QUALIFICATION REQUIREMENTS
To perform this job successfully, an individual must be able to perform each duty satisfactorily. The requirements listed above are representative of the knowledge, skill and/or ability required. Reasonable accommodations may be made to enable individuals with disabilities to perform the essential functions.
Experience
  • Seven or more years building data systems in production environments, with progressive responsibility for platform design and data modeling.
  • Bachelor's degree in Computer Science, Engineering, or a related field, or equivalent practical experience.
  • Track record of designing and building a lakehouse or data warehouse through a messy-to-mature journey, not just operating one that was already well-architected.
  • Hands-on experience with identity resolution, dimensional modeling, and semantic layer design that business users have adopted at scale.
  • Experience setting engineering patterns and standards for a team, including code review practices, data contracts, and platform governance.
  • Production experience in the consumption layer through either frontend web development (React, Next.js, or similar) or Analytics tools (Tableau, Power BI, Looker, Hex, or comparable).

Skills
  • Strong Python and SQL, with hands-on cloud lakehouse experience; Databricks preferred.
  • Production experience with dbt for transformation and modeling, and Airflow or comparable orchestration frameworks.
  • Deep understanding of Unity Catalog, Delta Lake, and lakehouse governance patterns.
  • Familiarity with agentic AI patterns and production experience using AI coding assistants such as Claude Code, Cursor, or similar tools.

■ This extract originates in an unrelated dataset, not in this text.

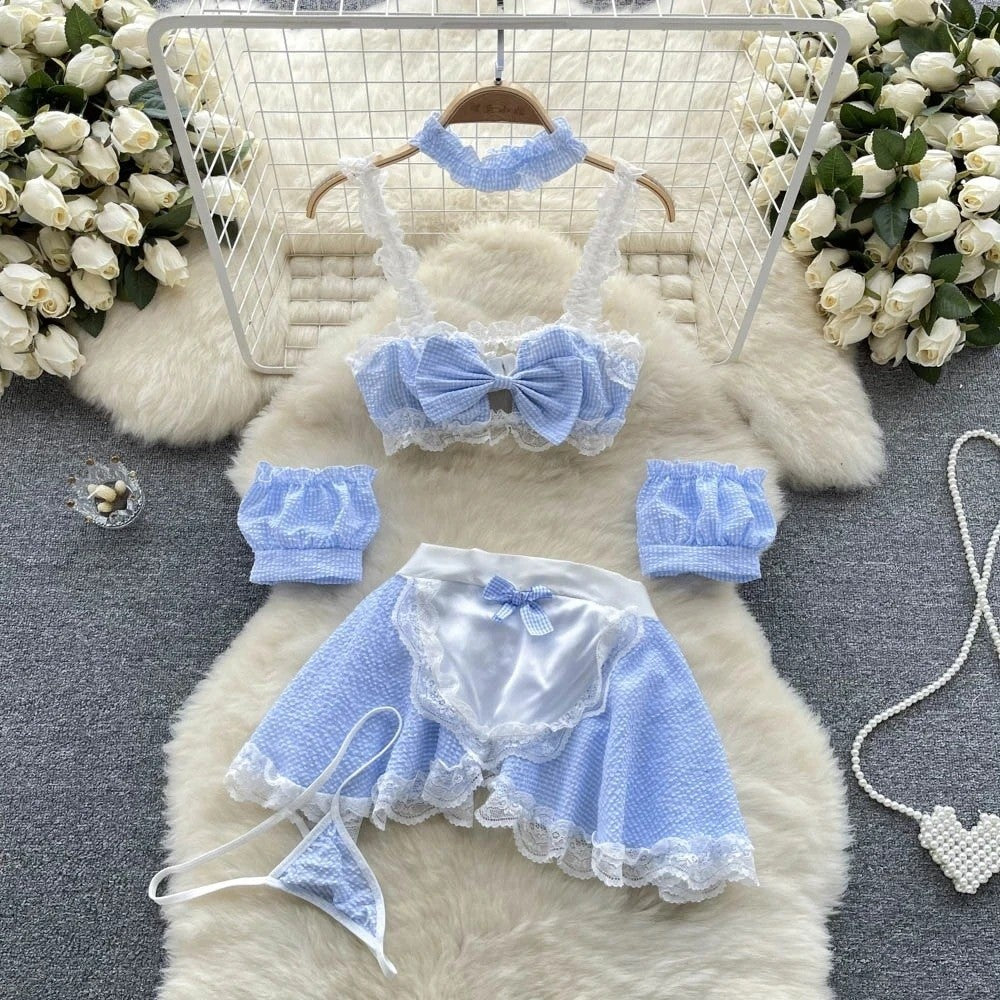 Bunny Complete Maid Cosplay Costume Set Ruffle Cosplay Vacation Halloween Outfit Halter Dress Set Outfit Costume Play Occasions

  • Understanding of how to design data platforms that LLM-powered applications can consume natively, including RAG architecture, context retrieval patterns, and PII guardrails for AI consumption.
  • Comfort moving across the stack: building a pipeline, modeling a domain, writing a Python service, and standing up a simple web interface independently.
  • Working knowledge of Azure cloud services, version control with Git, and CI/CD patterns.
  • Translating ambiguous business and technical requirements into concrete architectural decisions, balancing quality, stakeholder needs, and delivery speed.
  • Making hard tradeoffs between competing priorities and communicating the reasoning to both engineering peers and business leadership.
  • Investigating root causes rather than symptoms, with a bias toward building durable solutions that prevent recurrence.

PHYSICAL AND ENVIRONMENTAL DEMANDS
The physical demands and work environment characteristics described here are representative of those that must be met by an employee to successfully perform the essential functions of this job. Reasonable accommodations may be made to enable individuals with disabilities to perform the essential functions.
While performing the duties of this job, the employee is regularly required to sit, stand, walk, move heavy objects, use a computer, use a 10-key calculator, use a telephone, speak, hear, and write.
While performing the duties of this job, the noise level in the office work environment is usually moderate and the noise level in Gainbridge Fieldhouse / game environment is usually loud. The stress level may become high during certain times of the year.
We are an equal opportunity employer, and all qualified applicants will receive consideration for employment without regard to race, color, religion, national origin, sex, sexual orientation, age, gender identity, marital status, disability status, protected veteran status, or any other characteristic protected by law.